Avez-vous prévu, comme zappa l’a fait en son temps, des arrangements pour une version Low Budget Orchestra, si vous n’aviez pas d’engagements pour le big band au complet ?

Thierry MaillardOui, bien sûr. Je l’avais déjà fait pour Pursuit of Happiness. Il y a une version ultra light où on peut faire le projet à huit musiciens, plus un invité.  Mais comme je le dis souvent, ce big band à vingt musiciens ne coûte pas plus cher qu’un quartet américain. C’est super de faire venir des stars, mais quand on voit ce que cela coûte, des fois on se dit: bon…

Y a-t-il d’autres musiciens dont vous revendiquez l’influence parmi les pianistes, parmi les chefs d’orchestre ?

Thierry Maillard(Réponse instantanée) Le premier ONJ d’Antoine Hervé. On peut dire qu’il m’a influencé, c’est une évidence. J’avais 22ans la première fois que j’ai entendu ça. Cela m’a donné envie de composer puis d’écrire pur un grand ensemble. Antoine Hervé est un des meilleurs orchestrateurs en France au-delà même du pianiste génial qu’il est. Son ONJ était fabuleux.

Pour conclure, vous étiez avec votre précédent album en big band à la poursuite du bonheur, est-ce que vous vous en êtes rapproché, avec celui-ci ?

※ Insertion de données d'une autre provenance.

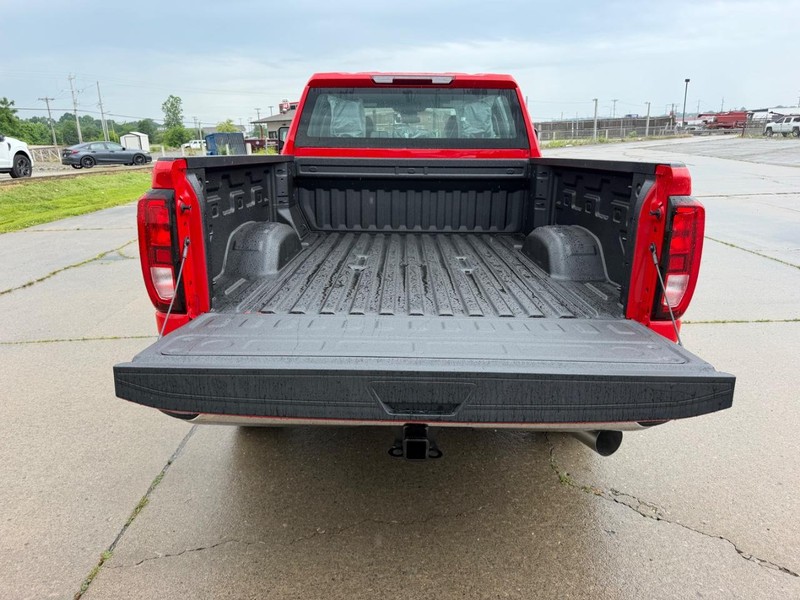 GMC Sierra 2500HD Vehicle Full-screen Gallery Image 5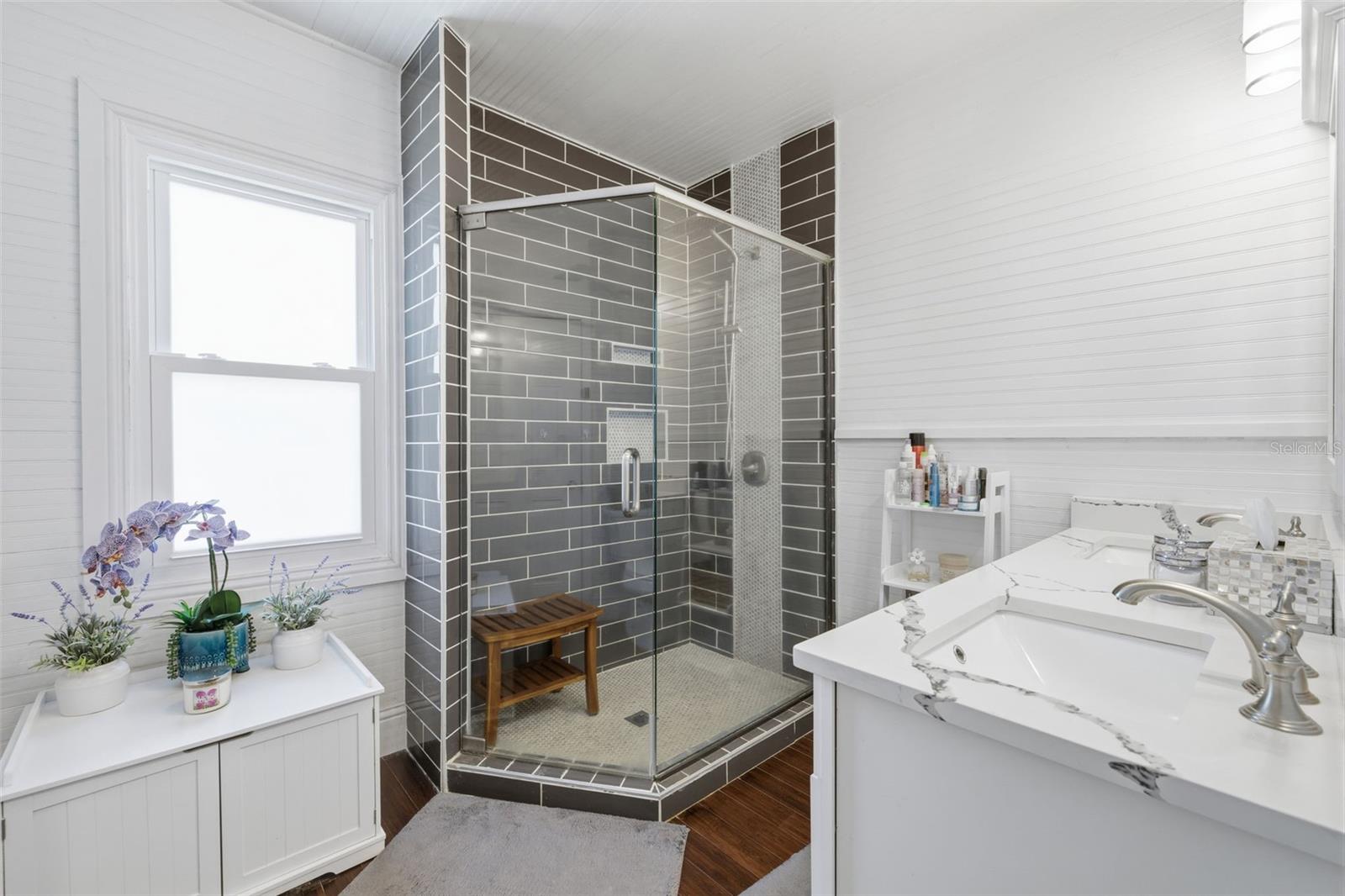 HIGHLAND TERRACE - Residential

Thierry MaillardAh oui, carrément. Du coup, je ne sais pas si je referai un album en big band, pour moi cela serait de la redite. Ou alors, il faudrait que cela soit totalement autre chose. Pursuit of Happinness, c’était l’entrée et le plat, avec Zappa Forever, j’ai mis le dessert, le vin. J’ai complété le tout. On dit souvent, jamais deux sans trois, mais dans cet esprit je m’arrêterais au deuxième. Il n’est pas impossible que je revienne aux cordes, un jour, ou que le m’essaye aux voix. On verra ! Pour le moment, j’ai celui-là, que j’espère faire tourner jusqu’à fin 2021 voire 2022. Il y aura aussi le trio avec Dédé Ceccarelli et Thomas Bramerie. (Album prévu pour avril 2021 chez NoMad Music) Mais entre Pursuit et Zappa, il y a de quoi faire vivre le big band pour le plus grand nombre, en live.